Given today’s fast changing business environment, the Future of Jobs report placed complex problem solving at #1 in its top 10 skills for 2020 and beyond.

An effective twenty-first century executive is quick on their feet, possesses learning agility, and attacks emerging problems with confidence.

While there are plenty of problem-solving methodologies, one of the most effective ones that I use with my clients often is Bulletproof Problem Solving. It’s based on 30 years of problem-solving research by Charles Conn and Robert McLean, and can be applied to any problem from strategic business decisions to global social challenges.

It is a simple, seven-step approach to creative problem solving that is universally effective across industries:

  1. Define the Problem:

When a problem’s context and boundaries aren’t fully described, there’s a lot of room for error. Arrive at a problem definition that is agreed upon by those involved in making a decision. Test the problem definition against several criteria:

    1. That it is specific, not general.
    2. That we can clearly measure success.
    3. That the definition is bounded both in time frame and by the values of the decision maker.
    4. And that it involves definitive action to be taken.

This step may appear constraining, but it leads to the clarity of purpose essential for good problem solving.

  1. Disaggregate the Issues:

Once the problem is defined, simplify it by breaking it down into different component-parts or issues. This provides further clarity on separate issues that make up the complex problem, and a chance to tackle one issue at a time instead of the entire problem at once.

  1. Prioritize the Issues:

Identify the issues with the biggest impact on the problem, including the ones you can most affect, and focus your initial attention on those. Prioritizing analyses helps you find the critical path to the answer efficiently, making the best use of your team’s time and resources.

  1. Build a Workplan and Timetable:

Once the individual issues are defined and prioritized, link each part to a plan for fact gathering and analysis. This workplan and timetable assigns team members to analytic tasks with specific outputs and completion dates.

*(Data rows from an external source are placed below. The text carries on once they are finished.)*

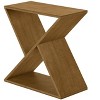 Vynxaria Contemporary Narrow Accent Table - Taupe Brown Veneer Finish, 24" L x 11.75" W x 24.25" H - 4 of 4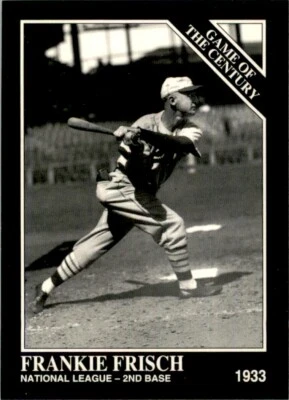 1993 Conlon Collection TSN Frankie Frisch St. Louis Cardinals #664 - Image 1 of 2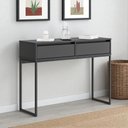 Ver imagem 1 de Aparador Buffet Rio 2 Gavetas para Sala 90 Cm Preto
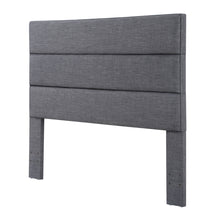 Load image into Gallery viewer, 24KF Palisades Upholstered Queen Headboard is Comfortable and on Style Queen/Full Size-Dark Gray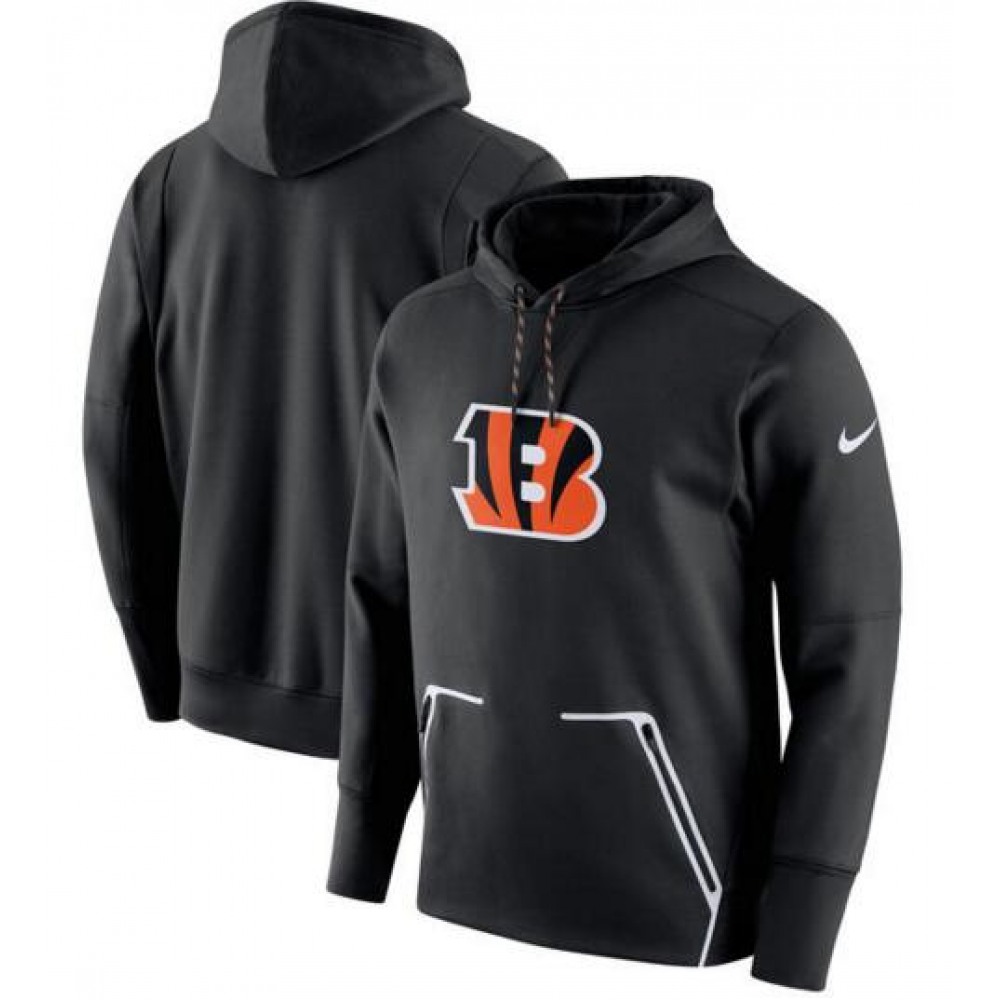 Men'sCincinnati Bengals Black Champ Drive Vapor Speed Pullover Hoodie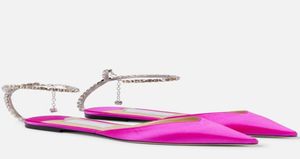 Donne di marca perfetta Saeda Sandals Scarpe Crystal Chain cinghie Lady Slat glitter Luxuria puntata Party Fare di nozze EU35434063203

  1. Conduct Critical Analyses:

This is usually the longest step of problem solving as it entails critically analyzing the data. For the sake of speed and simplicity, we start our analysis with simple heuristics – short cuts or rules of thumb – to get an order of magnitude understanding of each problem component, and to assess priorities quickly. This helps us understand where more work is needed, and especially when and where to use more complex analytic techniques.

To keep your executive team on a critical path, make frequent use of one-day answers that summarize best understanding in the form of situation, observations, and initial conclusions. Use the team review sessions to pressure-test these hypotheses.

  1. Synthesize Findings from the Analysis:

Problem solving doesn’t stop at the point of reaching conclusions from individual analyses. Findings must be assembled into a logical structure to test validity, and synthesized in a way that convinces others that you have a good solution. Great team processes are also important at this stage.

  1. Prepare a Powerful Communication:

From these conclusions, develop a storyline that links back to the problem statement and issues. A powerful communication is centered around a governing thought or argument that’s derived from your refined situation-observation-conclusion logic from earlier stages.

This is supported with your synthesized findings and assembled into component arguments that may follow inductive or deductive logic. It either leads with action steps or poses a series of questions that motivate action, depending on audience receptivity.

In short, great problem solving consists of good questions that become sharp hypotheses, a logical approach to framing and disaggregating issues, strict prioritization to save time, solid team processes to foster creativity and fight bias, smart analytics always starting with heuristics, and, finally, a commitment to synthesizing findings and turning them into a story that galvanizes action.

Happy Problem Solving!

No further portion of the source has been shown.